In each case, the resolvers should turn on one server per IP found in the response.

Baptiste, I tried to use multiple servers but the requests are not balanced evenly between the servers.

I built an example using Docker and docker-compose. The backend servers count each request they receive and print the number of requests received after 60 seconds.

Code:

The output is

api_4      | f8e1414ea551 0
api_1      | 860eb040651c 0
api_2      | 6af96d901ea8 179
api_5      | 1f15abd0d461 60
api_3      | 271ae04ff5cc 60

One API server receives 180 requests, two receive 60 each and another two receive 0.

Is it possible to round robin to servers which were resolved with DNS?

Did you start 5 instances of ‘api’ service?

Yes.
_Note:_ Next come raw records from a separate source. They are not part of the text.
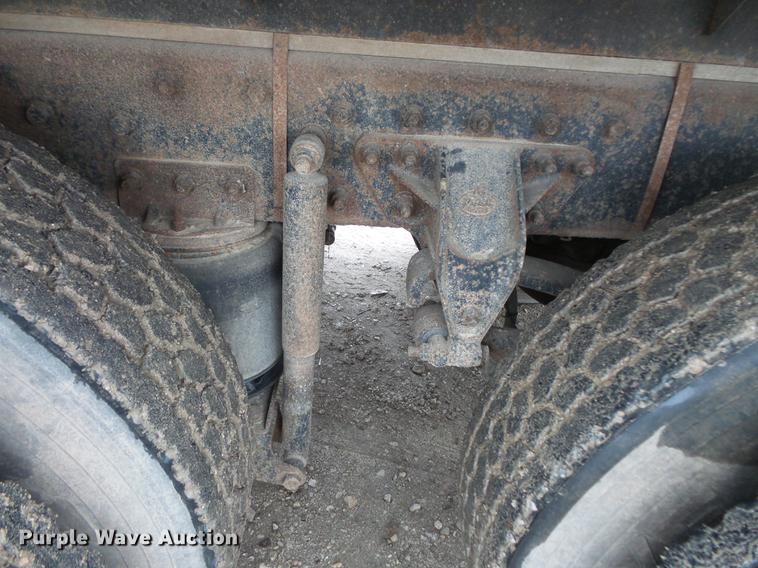 image for item DC6385 2002 Mack CH613 flatbed truck with mud mixer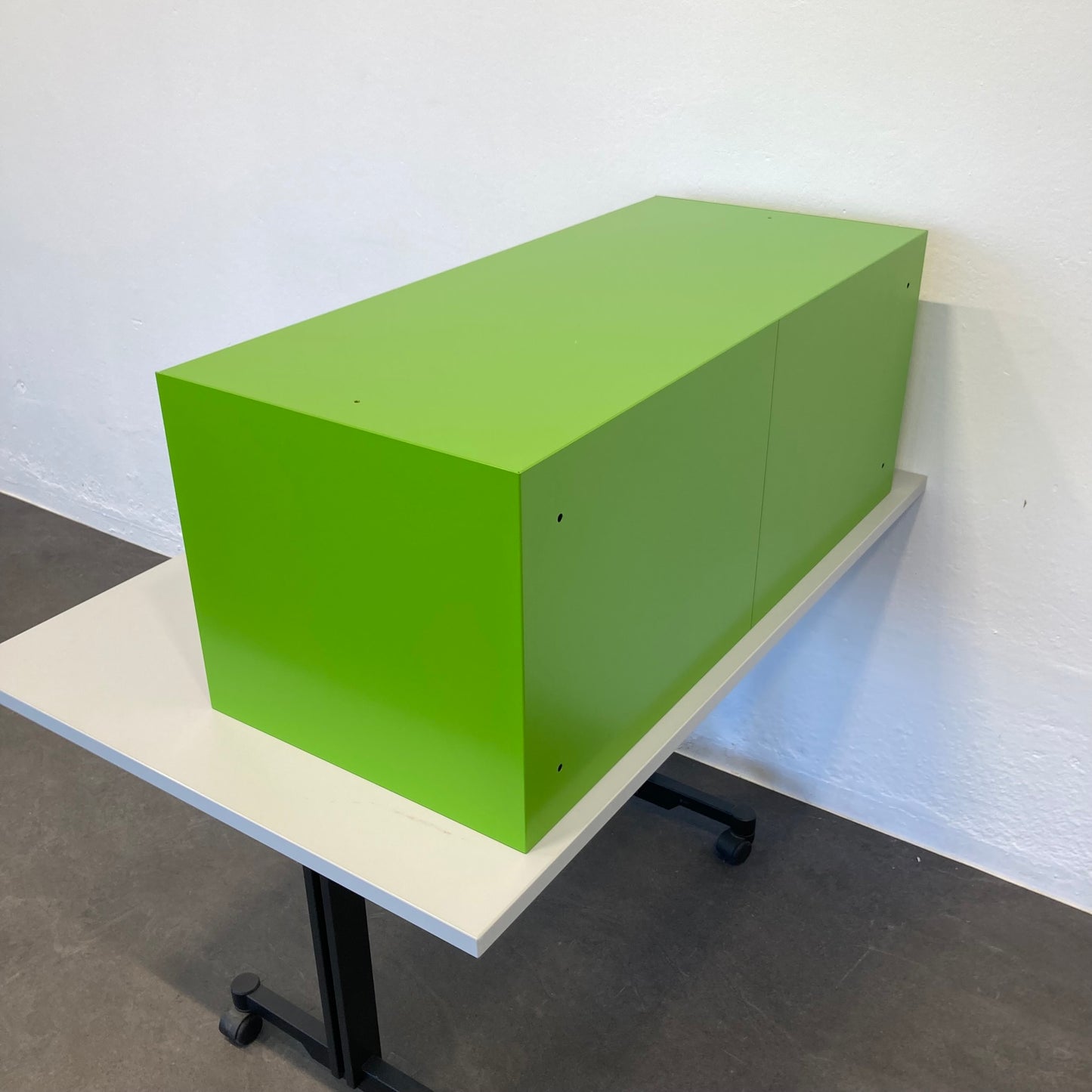 Lista Office LO Locker Grün Ansicht von hinten - 6039018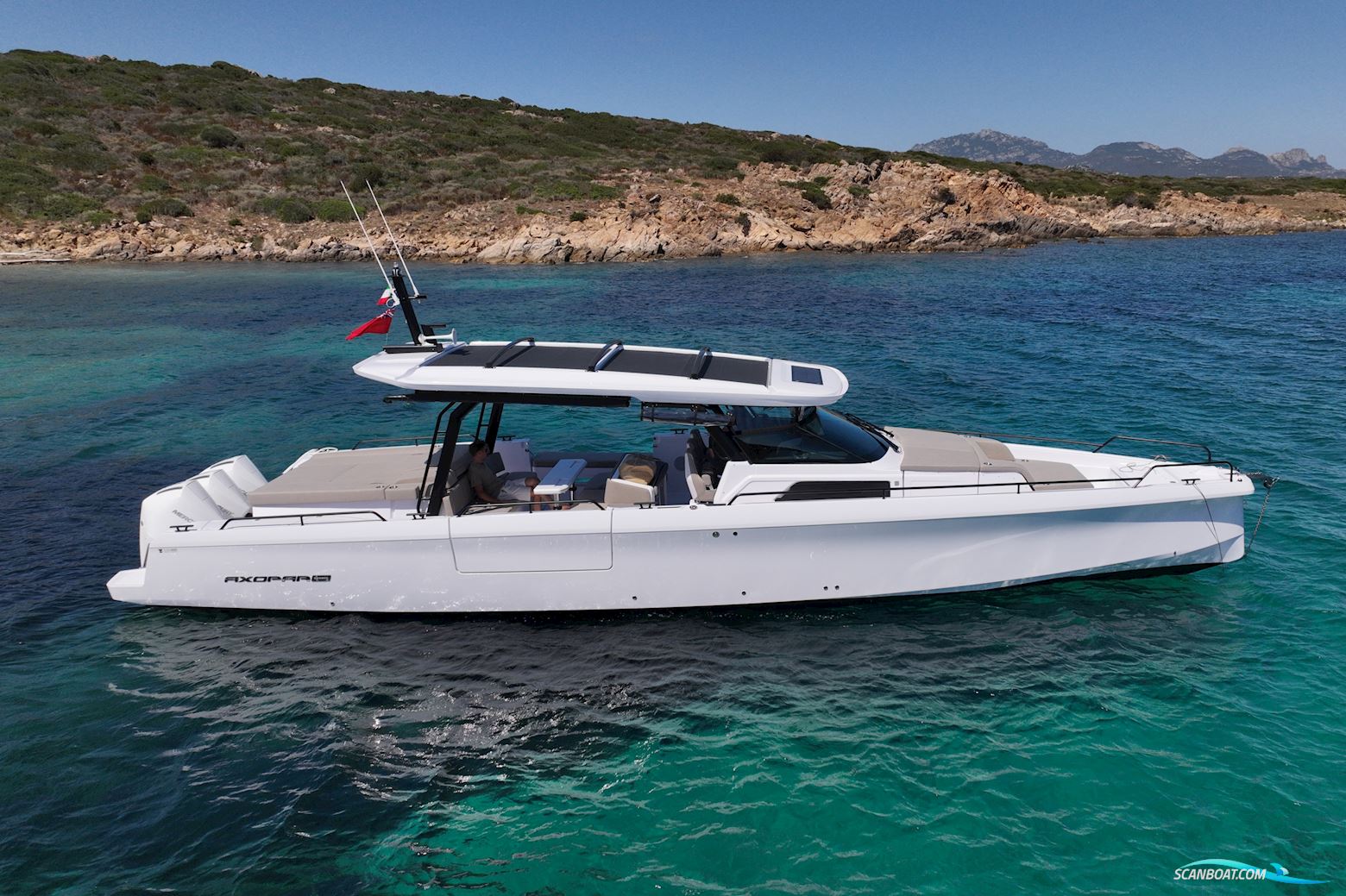 Axopar 45 Sun-Top Motorbåt 2024, med Mercury motor, Virgin Islands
Five instances of the API service using.

docker-compose up --scale api=5

Hi,

You’re missing the “resolvers docker” statement on your server-template line.

With this enabled, I have the following result:

docker-compose up --scale api=5

Starting debug_api_1 …

Starting debug_api_1 … done

Starting debug_api_2 … done

Starting debug_api_3 … done

Starting debug_api_4 … done

Starting debug_api_5 … done

Attaching to debug_haproxy_1, debug_api_1, debug_api_2, debug_api_3, debug_api_4, debug_api_5

api_3 | cd51492adab9 63

api_4 | f5532b40ea80 61

debug_api_3 exited with code 0

debug_api_4 exited with code 0

api_2 | a81602129221 61

api_1 | f8202d903d1b 61

debug_api_2 exited with code 0

debug_api_1 exited with code 0

api_5 | 02f56990bbd4 62

debug_api_5 exited with code 0

You are correct @Baptiste. Apologies!

Thank you so much @z0mb1ek and @baptiste for explaining this I never would have guessed I need multiple server lines!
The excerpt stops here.